September 7, 2022
How to Recover from Acute Mental Fatigue and Build Stamina So You Can Work Well Without Burning Out
“We wouldn’t run a marathon and then feel like failures when our legs are tired. So why do we treat mental fatigue so differently?”
— Becky Kane, What to Do When Your Brain Is Too Tired to Think Straight
Hey, you.
Yes, you — the one browsing for another “how to work when you don’t feel like it” article and listening to the nth podcast on “finding focus and getting into flow state when you’re exhausted.”
Take this post as a gentle reminder: You’re not dumb or lazy for not being able to create or produce anything today.
Give your brain a break.
Here’s a deep dive on what mental fatigue is, why we experience it, and how we can build mental stamina. My takeaways are:
- Experiment with meal times and notice how what (and when) you eat affects your energy.
- Shake the lethargy off with movement — a 10-minute walk with your dog would be a great start.
- Get your Zzzs and set a sleeping and waking schedule to stick to.
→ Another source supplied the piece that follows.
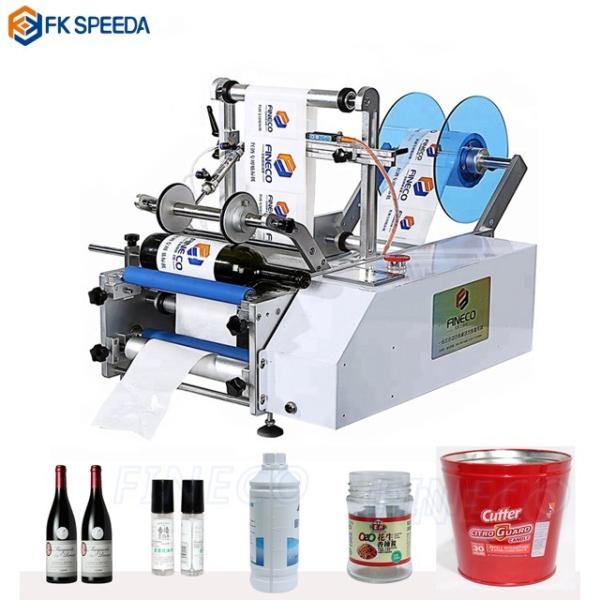 FK603 Model 25 bpm Semi-Automatic Wet Glue Labeling Machine for Glass/Plastic Bottles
- Work with your natural rhythms, cycles, and tendencies.
- Take breaks!
- Lighten your mental load by taking tasks and thoughts off your mind and onto your trusty to-do list capture system.
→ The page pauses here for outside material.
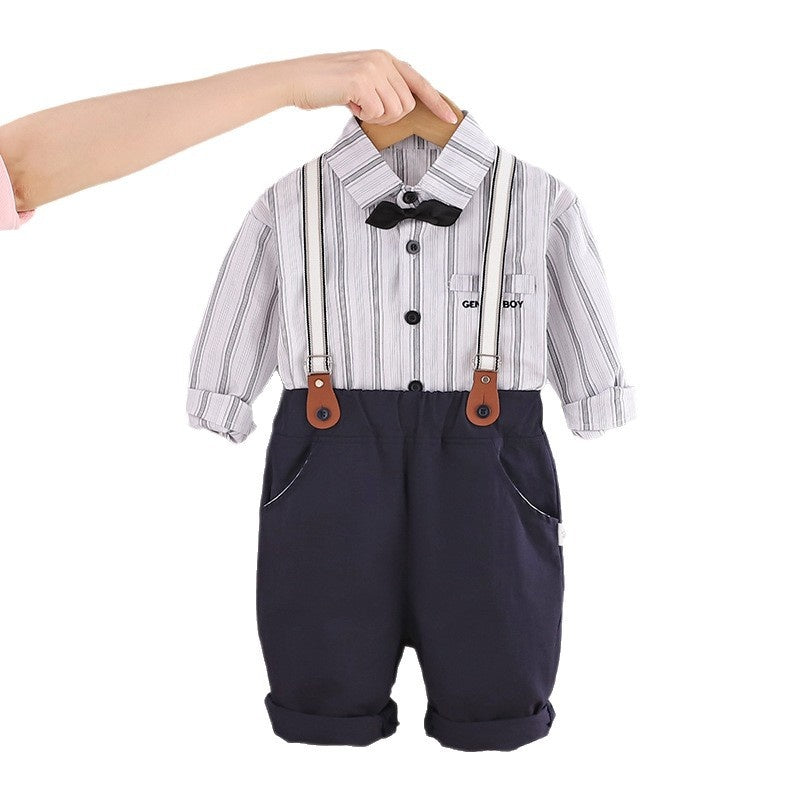 Children's Long-Sleeve Vertical Stripe Shirt Overalls Set 2026 New Style Boys' Spring and Autumn Casual Two-Piece Outfit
- Unplug at the end of your workday.
No matter the size of the business, there’ll always be an unlimited number of tasks left to do, processes left to improve, and contingencies left to plan.
The work is truly never done, so regardless of how much effort is put in, you’ll inevitably end the day unfinished. All you can control is what you’re willing to let slide. Most days that should be most things.
Letting things slide is not a sign of neglect. It’s an acceptance of our finite allotment of time, motivation, skill, and knowledge. It’s a recognition that if there are 100,000 things you could do, the difference between getting 8 or 12 things done in a day is not really a 50% increase in productivity, but a rounding error in the grand picture of completion.